Hi Chris, thanks for the discussions at GGF, and for this proposal! I am supportive of the proposal. It basically means that we maintain a very simple state model for SAGA, with a very finite number of states - but allow a more detailed state model to be exposed if needed. I am all for it. As for the suspend and hold state: I would, contrary to Chris, move the hold state into the details, and only expose the suspend state. Reason would be that we have suspend/resume methods, but no hold, and no use cases for hold. Well, Chris' argument to that was, IIRC, that we actually should have hold (as a flag to submit), as it is supported by most backends. I guess that is a minor detail, either way will work fine at the end Cheers, Andre. Quoting [Christopher Smith] (Feb 16 2006):
Date: Thu, 16 Feb 2006 05:05:15 -0800 Subject: [saga-rg] Job states proposal From: Christopher Smith
To: Simple API for Grid Applications WG Ok ... here's my proposal for modelling the SAGA job states.

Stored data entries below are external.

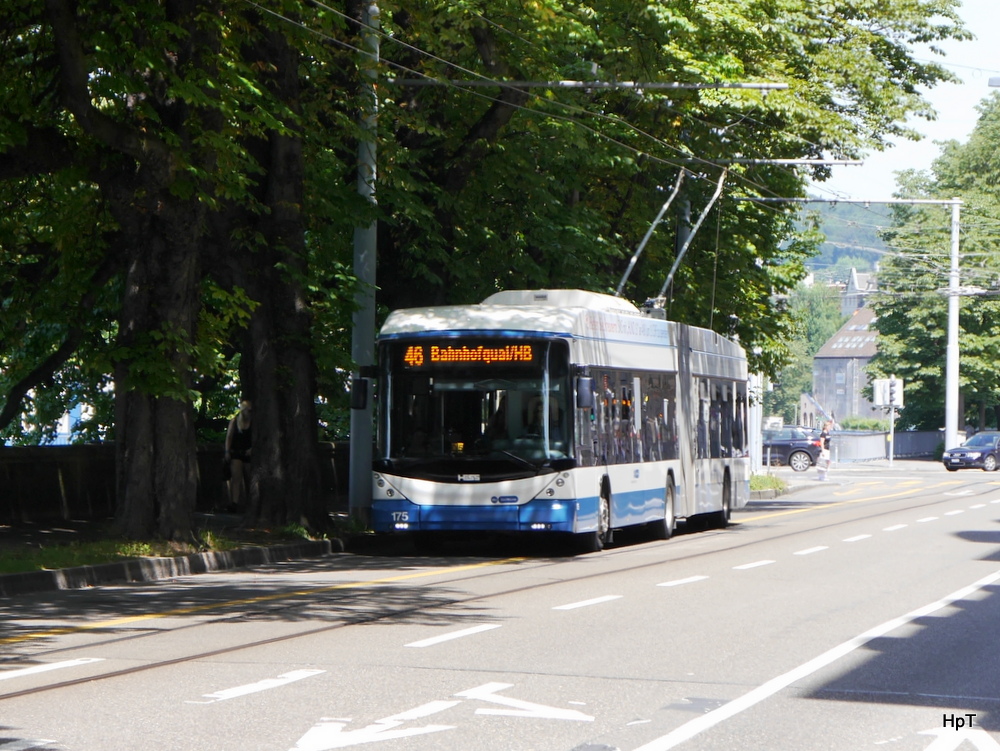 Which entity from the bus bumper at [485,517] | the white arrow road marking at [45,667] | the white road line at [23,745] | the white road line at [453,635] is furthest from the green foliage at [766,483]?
the white road line at [23,745]

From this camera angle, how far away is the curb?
1459cm

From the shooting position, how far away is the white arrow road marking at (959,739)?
718 centimetres

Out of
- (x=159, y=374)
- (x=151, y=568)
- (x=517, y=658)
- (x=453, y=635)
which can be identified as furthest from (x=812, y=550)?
(x=517, y=658)

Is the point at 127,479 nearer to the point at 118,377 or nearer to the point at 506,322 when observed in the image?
the point at 118,377

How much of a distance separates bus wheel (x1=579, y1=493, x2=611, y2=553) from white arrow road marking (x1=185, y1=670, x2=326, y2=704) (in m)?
11.4

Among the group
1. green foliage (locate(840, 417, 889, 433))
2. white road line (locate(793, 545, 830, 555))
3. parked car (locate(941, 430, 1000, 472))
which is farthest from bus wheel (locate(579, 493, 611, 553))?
green foliage (locate(840, 417, 889, 433))

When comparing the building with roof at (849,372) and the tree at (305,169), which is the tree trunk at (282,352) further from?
the building with roof at (849,372)

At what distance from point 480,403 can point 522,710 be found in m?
11.7

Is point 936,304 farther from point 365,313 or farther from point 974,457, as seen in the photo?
point 365,313

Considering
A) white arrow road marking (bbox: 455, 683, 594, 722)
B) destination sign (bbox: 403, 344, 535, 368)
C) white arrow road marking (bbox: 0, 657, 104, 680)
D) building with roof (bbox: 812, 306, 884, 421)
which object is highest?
building with roof (bbox: 812, 306, 884, 421)

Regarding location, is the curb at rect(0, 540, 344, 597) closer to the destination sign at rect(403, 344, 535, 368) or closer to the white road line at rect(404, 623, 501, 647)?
the destination sign at rect(403, 344, 535, 368)

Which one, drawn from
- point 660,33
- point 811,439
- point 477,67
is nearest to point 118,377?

There is a typical path through the states:
New --> Pending --> Running --> Finished
You could also submit with a hold, or put a Pending job on hold:
New --> Hold <--> Pending
You can suspend a job (and resume it):
Running <--> Suspended
The job can fail in execution:
Running --> Failed
And the job can be cancelled:
Running --> Cancelled New --> Cancelled Pending --> Cancelled Suspended --> Cancelled
All states can go to "Unknown".
Let's not bother modelling User and System suspended and hold states, pending some more experience and let's not bother with all the pre/post states and file staging stuff pending experience and use cases, but see below on extended states.

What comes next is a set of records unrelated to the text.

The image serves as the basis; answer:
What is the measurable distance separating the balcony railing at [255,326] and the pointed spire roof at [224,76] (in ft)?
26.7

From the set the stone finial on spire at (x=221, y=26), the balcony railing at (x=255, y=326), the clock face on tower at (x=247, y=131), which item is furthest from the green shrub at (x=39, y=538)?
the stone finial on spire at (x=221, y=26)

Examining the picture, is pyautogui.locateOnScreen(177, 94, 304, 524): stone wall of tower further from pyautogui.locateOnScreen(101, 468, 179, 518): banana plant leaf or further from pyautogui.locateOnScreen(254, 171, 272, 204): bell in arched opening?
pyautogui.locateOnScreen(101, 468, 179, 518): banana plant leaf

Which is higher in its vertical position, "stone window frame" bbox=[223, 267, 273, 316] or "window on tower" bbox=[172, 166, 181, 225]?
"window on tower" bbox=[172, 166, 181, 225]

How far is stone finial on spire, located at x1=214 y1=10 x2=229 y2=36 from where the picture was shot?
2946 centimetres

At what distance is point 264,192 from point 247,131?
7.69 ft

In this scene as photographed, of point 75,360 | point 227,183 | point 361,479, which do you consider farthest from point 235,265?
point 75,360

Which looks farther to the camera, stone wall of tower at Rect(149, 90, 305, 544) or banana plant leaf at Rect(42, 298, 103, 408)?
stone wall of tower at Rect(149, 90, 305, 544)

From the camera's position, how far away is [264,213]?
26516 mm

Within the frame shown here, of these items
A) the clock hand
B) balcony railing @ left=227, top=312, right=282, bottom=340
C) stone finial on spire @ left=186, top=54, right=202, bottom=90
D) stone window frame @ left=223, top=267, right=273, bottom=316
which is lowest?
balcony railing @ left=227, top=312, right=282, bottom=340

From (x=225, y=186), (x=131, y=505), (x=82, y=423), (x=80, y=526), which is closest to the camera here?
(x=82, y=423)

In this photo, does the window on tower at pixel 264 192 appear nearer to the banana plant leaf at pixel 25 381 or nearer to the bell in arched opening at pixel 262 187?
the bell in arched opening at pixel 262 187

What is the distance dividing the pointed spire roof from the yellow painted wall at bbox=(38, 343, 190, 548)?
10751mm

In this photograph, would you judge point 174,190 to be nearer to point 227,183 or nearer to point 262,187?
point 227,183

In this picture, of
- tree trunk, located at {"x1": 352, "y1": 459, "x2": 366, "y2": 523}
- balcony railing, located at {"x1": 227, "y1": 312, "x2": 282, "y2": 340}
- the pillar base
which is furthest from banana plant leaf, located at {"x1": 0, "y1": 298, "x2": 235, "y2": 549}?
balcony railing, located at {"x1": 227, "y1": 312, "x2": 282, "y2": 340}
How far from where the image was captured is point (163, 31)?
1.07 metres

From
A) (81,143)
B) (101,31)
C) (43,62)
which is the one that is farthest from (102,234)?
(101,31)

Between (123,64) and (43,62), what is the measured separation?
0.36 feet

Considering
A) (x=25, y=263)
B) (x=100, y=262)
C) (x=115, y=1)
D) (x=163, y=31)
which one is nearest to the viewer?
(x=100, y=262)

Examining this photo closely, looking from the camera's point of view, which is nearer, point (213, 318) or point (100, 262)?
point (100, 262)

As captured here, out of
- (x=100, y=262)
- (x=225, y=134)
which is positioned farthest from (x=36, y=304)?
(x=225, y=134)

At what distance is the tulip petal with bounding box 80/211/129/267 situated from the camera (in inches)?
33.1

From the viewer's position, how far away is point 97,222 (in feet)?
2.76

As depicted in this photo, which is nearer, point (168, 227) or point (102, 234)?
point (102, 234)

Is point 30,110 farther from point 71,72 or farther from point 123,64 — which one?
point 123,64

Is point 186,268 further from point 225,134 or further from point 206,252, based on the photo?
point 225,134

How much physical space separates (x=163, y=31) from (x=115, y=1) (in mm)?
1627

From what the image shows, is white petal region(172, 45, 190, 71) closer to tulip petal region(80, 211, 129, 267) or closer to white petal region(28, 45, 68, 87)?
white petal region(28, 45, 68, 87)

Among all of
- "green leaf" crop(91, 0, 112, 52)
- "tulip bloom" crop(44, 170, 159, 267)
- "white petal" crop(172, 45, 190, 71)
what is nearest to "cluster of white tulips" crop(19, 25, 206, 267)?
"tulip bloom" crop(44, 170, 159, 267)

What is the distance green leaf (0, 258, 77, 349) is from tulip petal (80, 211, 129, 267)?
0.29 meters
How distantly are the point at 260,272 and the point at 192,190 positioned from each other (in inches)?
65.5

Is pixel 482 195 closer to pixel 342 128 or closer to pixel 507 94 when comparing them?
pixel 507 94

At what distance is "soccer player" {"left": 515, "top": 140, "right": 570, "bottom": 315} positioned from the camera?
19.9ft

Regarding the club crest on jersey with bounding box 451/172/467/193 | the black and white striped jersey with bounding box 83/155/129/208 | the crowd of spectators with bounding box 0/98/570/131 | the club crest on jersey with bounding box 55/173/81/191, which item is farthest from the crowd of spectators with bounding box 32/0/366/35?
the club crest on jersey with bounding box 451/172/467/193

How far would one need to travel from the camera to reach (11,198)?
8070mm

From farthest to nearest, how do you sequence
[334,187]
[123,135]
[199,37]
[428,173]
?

This model pretty much preserves what we had before (adding unknown, I believe), and it represents the "basic" SAGA state model.

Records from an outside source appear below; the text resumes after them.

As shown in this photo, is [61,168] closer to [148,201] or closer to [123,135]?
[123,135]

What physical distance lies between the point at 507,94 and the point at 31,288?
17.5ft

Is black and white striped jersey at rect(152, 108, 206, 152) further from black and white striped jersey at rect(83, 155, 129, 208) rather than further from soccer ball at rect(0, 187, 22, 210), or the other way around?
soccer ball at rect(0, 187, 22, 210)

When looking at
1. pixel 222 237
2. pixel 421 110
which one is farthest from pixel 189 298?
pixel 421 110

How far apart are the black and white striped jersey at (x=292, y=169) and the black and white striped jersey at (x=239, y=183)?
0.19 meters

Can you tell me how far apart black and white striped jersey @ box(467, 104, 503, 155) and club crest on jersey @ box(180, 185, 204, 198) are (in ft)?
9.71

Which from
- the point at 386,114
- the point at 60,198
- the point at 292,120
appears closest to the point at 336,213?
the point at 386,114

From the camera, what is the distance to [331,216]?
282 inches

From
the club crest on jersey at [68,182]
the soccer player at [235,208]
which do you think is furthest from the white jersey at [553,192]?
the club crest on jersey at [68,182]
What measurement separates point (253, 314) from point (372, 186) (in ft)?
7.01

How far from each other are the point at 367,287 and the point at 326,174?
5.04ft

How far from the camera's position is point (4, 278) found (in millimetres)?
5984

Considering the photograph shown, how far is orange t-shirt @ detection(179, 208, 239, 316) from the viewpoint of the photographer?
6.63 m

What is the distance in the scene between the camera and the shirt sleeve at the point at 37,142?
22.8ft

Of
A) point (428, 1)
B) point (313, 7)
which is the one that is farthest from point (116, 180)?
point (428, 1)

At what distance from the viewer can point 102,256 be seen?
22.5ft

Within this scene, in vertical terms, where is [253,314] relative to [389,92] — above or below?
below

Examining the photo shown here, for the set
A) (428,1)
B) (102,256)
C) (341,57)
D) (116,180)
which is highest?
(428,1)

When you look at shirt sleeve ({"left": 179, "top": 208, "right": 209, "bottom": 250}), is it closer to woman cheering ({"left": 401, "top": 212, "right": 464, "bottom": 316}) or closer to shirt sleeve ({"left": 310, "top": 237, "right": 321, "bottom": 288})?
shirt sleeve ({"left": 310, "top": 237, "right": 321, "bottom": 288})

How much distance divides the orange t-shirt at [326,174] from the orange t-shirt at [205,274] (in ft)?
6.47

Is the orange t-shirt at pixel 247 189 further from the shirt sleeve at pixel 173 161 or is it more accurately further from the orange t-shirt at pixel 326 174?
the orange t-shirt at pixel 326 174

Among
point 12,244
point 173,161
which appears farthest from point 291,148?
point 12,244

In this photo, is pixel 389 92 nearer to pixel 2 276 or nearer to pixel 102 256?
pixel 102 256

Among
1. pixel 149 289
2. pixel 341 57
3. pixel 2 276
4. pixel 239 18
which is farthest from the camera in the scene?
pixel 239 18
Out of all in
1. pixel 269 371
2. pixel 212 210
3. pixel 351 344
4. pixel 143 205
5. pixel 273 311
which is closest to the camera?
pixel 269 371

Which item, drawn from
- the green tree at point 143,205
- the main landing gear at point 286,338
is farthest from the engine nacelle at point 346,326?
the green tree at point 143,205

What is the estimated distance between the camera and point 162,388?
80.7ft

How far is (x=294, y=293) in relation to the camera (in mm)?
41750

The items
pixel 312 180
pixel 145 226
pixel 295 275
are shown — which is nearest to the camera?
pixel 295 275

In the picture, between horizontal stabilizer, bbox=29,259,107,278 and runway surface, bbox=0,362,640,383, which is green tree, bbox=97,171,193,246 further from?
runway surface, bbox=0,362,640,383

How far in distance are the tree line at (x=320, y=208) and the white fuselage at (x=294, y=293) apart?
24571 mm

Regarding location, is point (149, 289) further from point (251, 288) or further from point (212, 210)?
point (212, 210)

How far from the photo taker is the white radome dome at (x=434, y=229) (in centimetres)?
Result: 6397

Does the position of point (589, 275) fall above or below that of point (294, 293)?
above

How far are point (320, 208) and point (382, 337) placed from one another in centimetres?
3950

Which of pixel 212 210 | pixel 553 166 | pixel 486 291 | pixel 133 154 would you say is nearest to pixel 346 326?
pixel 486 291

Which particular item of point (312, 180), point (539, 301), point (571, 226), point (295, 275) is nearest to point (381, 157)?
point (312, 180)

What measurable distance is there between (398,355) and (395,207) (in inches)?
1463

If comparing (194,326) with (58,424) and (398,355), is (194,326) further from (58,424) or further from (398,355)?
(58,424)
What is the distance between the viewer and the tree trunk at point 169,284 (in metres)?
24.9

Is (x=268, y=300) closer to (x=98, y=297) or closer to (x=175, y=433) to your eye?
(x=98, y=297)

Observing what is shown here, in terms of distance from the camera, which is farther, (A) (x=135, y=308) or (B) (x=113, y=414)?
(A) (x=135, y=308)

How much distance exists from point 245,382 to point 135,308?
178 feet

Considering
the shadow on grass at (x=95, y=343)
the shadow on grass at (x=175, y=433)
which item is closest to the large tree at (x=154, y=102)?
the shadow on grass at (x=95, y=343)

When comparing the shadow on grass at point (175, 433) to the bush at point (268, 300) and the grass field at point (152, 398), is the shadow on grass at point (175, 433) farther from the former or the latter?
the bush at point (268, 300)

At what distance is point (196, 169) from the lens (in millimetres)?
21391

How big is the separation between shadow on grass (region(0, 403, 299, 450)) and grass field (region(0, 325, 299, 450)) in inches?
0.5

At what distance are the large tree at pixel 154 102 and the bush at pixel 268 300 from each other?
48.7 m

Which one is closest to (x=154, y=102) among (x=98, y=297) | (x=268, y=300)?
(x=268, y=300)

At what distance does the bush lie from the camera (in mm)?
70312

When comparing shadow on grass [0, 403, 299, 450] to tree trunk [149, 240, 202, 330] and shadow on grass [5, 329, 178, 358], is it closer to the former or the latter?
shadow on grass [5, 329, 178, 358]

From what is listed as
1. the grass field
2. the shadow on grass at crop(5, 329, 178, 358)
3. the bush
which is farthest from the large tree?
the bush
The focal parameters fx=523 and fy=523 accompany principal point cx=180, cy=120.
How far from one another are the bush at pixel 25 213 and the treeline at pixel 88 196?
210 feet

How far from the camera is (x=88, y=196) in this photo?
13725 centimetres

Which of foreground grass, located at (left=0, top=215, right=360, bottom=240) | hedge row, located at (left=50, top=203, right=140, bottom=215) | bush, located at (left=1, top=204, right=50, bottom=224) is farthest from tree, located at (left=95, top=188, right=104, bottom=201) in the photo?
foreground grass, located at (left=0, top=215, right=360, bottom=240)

Now ... in order to have the ability to add states (say to support the BES state model), we can define a class for JobState that contains the BaseState (one of the enumerated states from above) and that has an ExtendedState attribute defined as a vector of strings. The job can then represent some of the extended states such as "Running PreExecution" or "Running StagingIn", etc, etc. By using the attribute mechanism, coders can get started with SAGA implementations now, and as we extend the state model according to experience and use cases, we merely need to specify acceptable strings, rather than change the underlying data structures.